* [DESCRIPTION OF THE TASK]: Wherever pictures appear in the listing below, leave them out, and copy exactly, and only, everything from the line with "33-7401 E Harbor" down to the line with "1317 Ogelthorpe Ave, Normal, IL 61761".

* [SOURCE MATERIAL]:

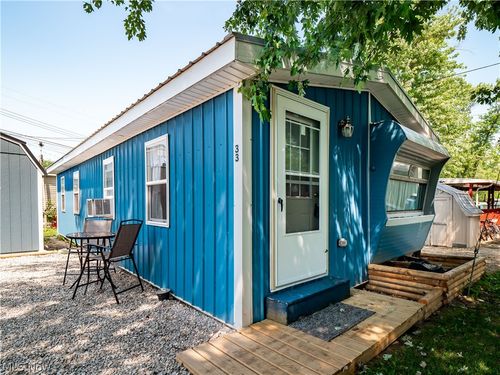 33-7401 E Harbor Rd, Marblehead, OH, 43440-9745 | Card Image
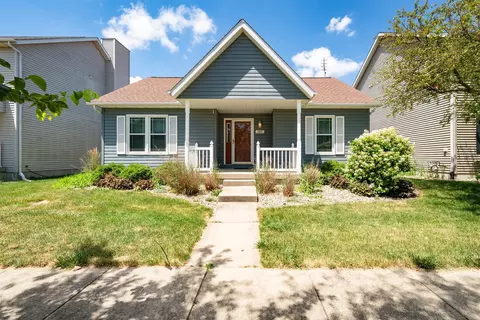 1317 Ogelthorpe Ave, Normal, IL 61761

...

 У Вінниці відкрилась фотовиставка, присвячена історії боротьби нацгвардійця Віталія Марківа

* [RESPONSE FOR THIS EXERCISE]:
 33-7401 E Harbor Rd, Marblehead, OH, 43440-9745 | Card Image
 1317 Ogelthorpe Ave, Normal, IL 61761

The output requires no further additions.